Re: comment formatting and escaping is a bit kludgy

Posted by Matt Raible <ma...@raibledesigns.com>.
I've been skimming this thread, but not thoroughly reading each message. One
of the things I'd like to see (that doesn't happen now) is to allow full
HTML - no ifs ands or buts. Meaning that I can add JavaScript or any HTML
tags I'd like to a comment. In addition, it would be nice to add some
comment-post pre-processors that allow replacing \n with <br/> before the
entry gets put in the database.
The first feature is for me. I seem to comment as much on my blog as others
do. It's frustrating for me when my HTML gets escaped. Furthermore, since I
get almost instant notification of comments - I know when to delete those
that have XSS text.

The 2nd feature is for readers. A lot of people comment on my blog w/o doing
"preview" first and end up with comments that run together - even though
there's line breaks in their entry. I realize I can change the macro to
render the output different, but that affects all comments - whereas I just
want to affect new ones. I regularly go into my database and format comments
by adding <br/><br/> tags, but it'd be nice not to have to do that.

Matt

On 7/12/07, Allen Gilliland <al...@sun.com> wrote:
>
>
>
> Dave wrote:
> > On 7/11/07, Allen Gilliland <al...@sun.com> wrote:
> >> I personally like the idea of rejecting comments with html in them when
> >> the admin has disabled html in comments because it seems like the
> safest
> >>   and most consistent thing to do.  My feeling is that it's more likely
> >> that users will enter in a comment and try to use html than it is that
> >> users will be using the < and > characters in a non-html fashion.  So
> >> rejecting the comment and telling them not to use those characters will
> >> be appropriate and fitting most of the time.
> >>
> >> There certainly will be some cases where users aren't trying to put in
> >> html and their comment gets rejected, but my feeling is that those
> cases
> >> will be relatively few and with a decent error message they should be
> >> able to fix it without much of a problem.
> >
> > I don't like the idea of rejecting a comment because it has a bracket
> > that definitely doesn't seem right.
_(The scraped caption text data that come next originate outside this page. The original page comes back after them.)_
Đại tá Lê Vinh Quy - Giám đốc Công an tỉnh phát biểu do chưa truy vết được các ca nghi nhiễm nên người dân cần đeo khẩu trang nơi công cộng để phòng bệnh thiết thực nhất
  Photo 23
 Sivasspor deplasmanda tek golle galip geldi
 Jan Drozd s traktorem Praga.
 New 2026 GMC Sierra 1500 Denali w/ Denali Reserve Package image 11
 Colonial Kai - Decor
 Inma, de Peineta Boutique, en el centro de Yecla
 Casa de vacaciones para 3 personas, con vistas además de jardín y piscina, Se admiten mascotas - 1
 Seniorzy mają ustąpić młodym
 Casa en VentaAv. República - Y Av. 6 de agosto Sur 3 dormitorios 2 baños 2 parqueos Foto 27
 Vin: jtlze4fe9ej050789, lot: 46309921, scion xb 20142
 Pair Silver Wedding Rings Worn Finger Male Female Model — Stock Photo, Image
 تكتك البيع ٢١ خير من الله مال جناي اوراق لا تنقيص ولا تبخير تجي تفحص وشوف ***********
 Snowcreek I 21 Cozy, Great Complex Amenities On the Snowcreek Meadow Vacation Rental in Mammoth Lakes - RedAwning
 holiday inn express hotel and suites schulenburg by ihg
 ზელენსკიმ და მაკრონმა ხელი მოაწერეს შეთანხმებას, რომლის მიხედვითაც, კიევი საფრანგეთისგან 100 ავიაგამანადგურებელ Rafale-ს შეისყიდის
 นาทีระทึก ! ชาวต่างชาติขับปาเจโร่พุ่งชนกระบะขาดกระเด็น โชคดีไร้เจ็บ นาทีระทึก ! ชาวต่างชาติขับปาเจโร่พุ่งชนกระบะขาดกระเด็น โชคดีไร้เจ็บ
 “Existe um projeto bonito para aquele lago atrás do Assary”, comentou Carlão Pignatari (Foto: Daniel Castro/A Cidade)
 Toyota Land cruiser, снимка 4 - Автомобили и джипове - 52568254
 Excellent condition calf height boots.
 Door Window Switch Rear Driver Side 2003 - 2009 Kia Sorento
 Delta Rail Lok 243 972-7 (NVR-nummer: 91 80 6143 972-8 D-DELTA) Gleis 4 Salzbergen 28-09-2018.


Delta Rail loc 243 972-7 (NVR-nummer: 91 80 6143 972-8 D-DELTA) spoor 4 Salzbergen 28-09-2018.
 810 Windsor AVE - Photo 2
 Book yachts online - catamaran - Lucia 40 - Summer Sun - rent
If HTML Is disabled then we should
> > treat the comment as plain text. An angle bracket is allowed in plain
> > text and is not considered HTML.
>
>
> I don't like it either, but I'm not sure that will happen all that
> often.  What we really need is a better parser so that we could actually
> distinguish between real html and casual use of the < and > characters.
>
>
> >
> > I think the most consistent thing to do is this:
> >
> > If HTML is disabled in comments that means that Roller consider the
> > comment content to be of type text/plain. Add a content-type field to
> > the comment table so we can save that. And whenever Roller displays
> > content of type text/plain in HTML or XML it must be escaped.
> >
> > If HTML is enabled then consider the content type to be text/html.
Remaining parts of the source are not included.